WHAT IS BEING ASKED:
What needs transcribing is the line with "模拟人生4狗怎么生[图2]" and every line after it to the end of the records, exactly and alone, with no pictures.

DATA SUPPLIED:
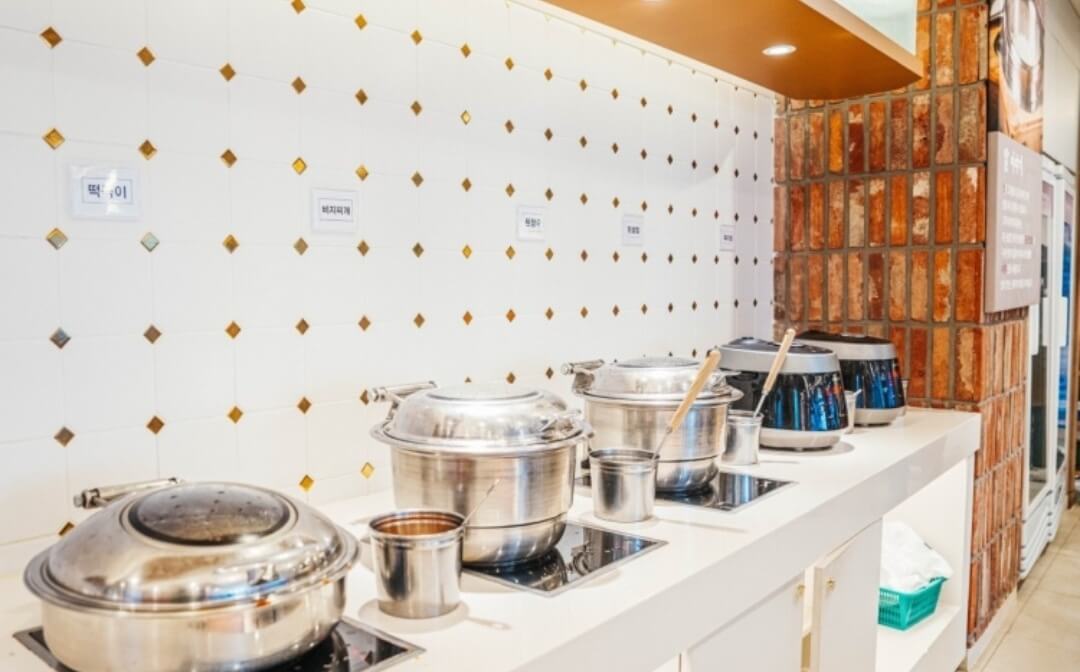 인천 그랜드 cc 주변 맛집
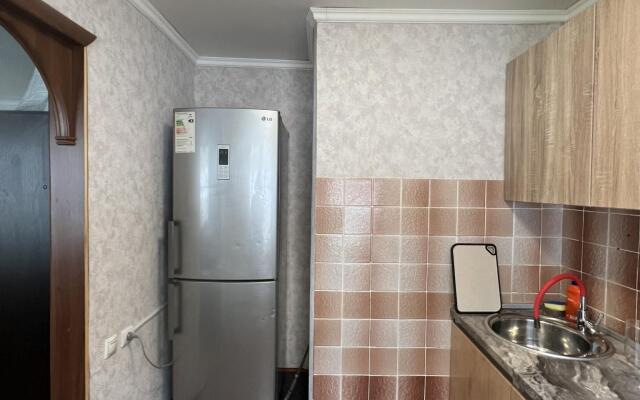 Апартаменты на улице Абеля 31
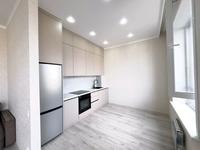 1-комнатная квартира · 37.2 м² · 10/10 этаж, Култегин 13 за 22.5 млн 〒 в Астане, Нура р-н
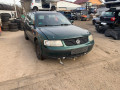 заслонка дроссельная Volkswagen Passat B5 1999, 1.6 л., МКПП, универсал, 06B133062L - фото №9
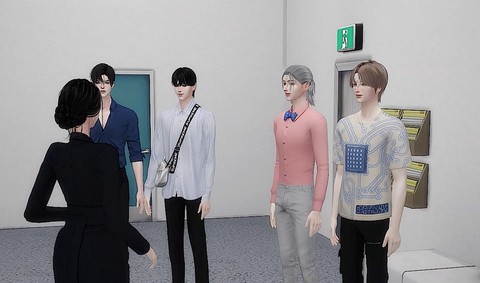 模拟人生4狗怎么生[图2]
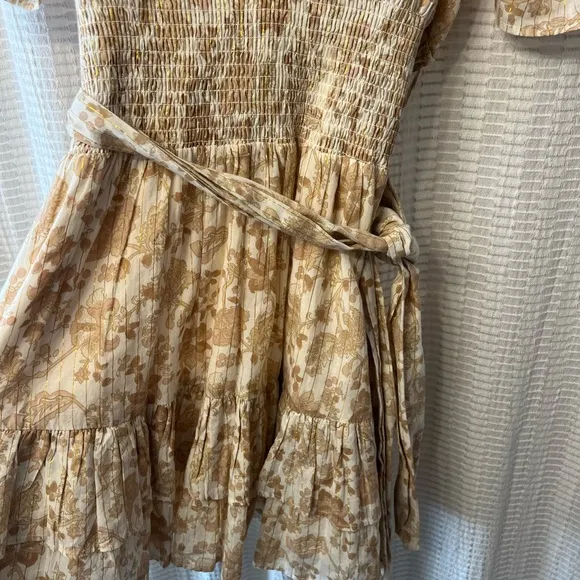 NWOT Cleobella Amarie Dress
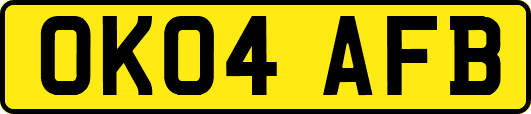 OK04AFB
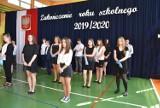 Szkoła Podstawowa w Konopnicy. Tak uczniowie klasy ósmej pożegnali się z podstawówką ZDJĘCIA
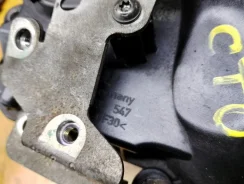 ������ ���������� ��������� ����� Audi A6 CTUA 4G2 06E103547 06E103547 ����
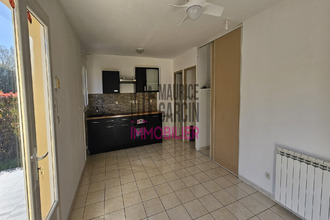  appartement l-isle-sur-la-sorgue 84800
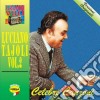 Luciano Tajoli - Celebri Canzoni #02 cd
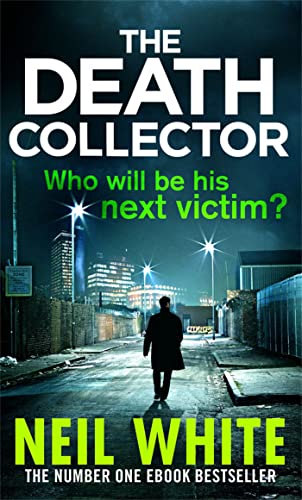 9780751549492: The Death Collector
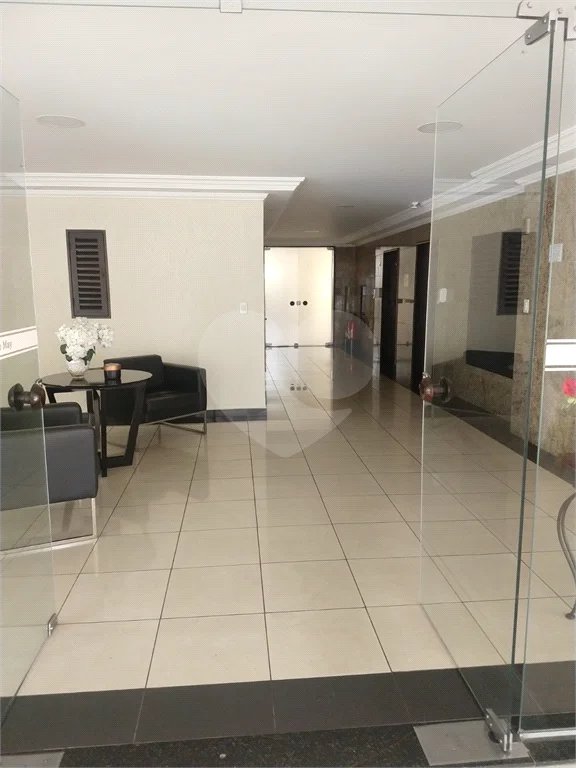 Apartamento à venda com 2 quartos em Jabaquara, São Paulo, SP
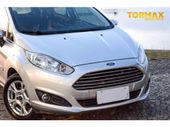 Ford Fiesta Hatch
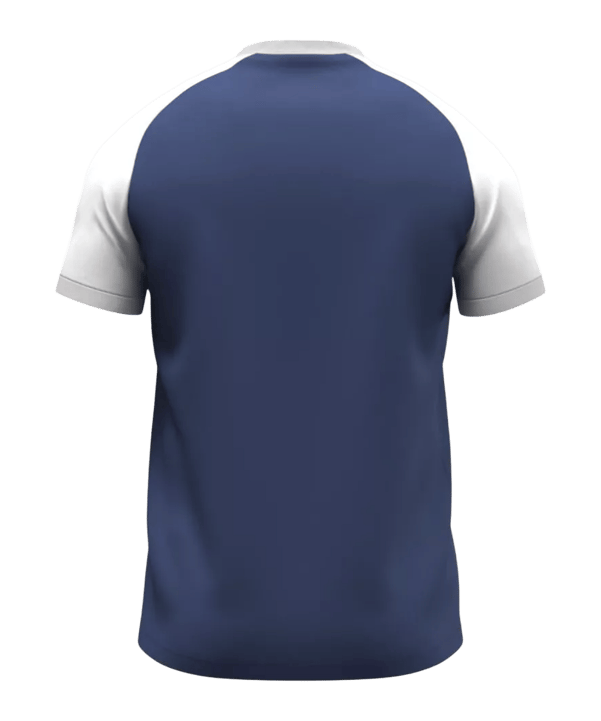 JAKO Dynamic T-Shirt Blau F921 - blau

ANSWER TO THIS TASK:
 模拟人生4狗怎么生[图2]
 NWOT Cleobella Amarie Dress
 OK04AFB
 Szkoła Podstawowa w Konopnicy. Tak uczniowie klasy ósmej pożegnali się z podstawówką ZDJĘCIA
 ������ ���������� ��������� ����� Audi A6 CTUA 4G2 06E103547 06E103547 ����
  appartement l-isle-sur-la-sorgue 84800
 Luciano Tajoli - Celebri Canzoni #02 cd
 9780751549492: The Death Collector
 Apartamento à venda com 2 quartos em Jabaquara, São Paulo, SP
 Ford Fiesta Hatch
 JAKO Dynamic T-Shirt Blau F921 - blau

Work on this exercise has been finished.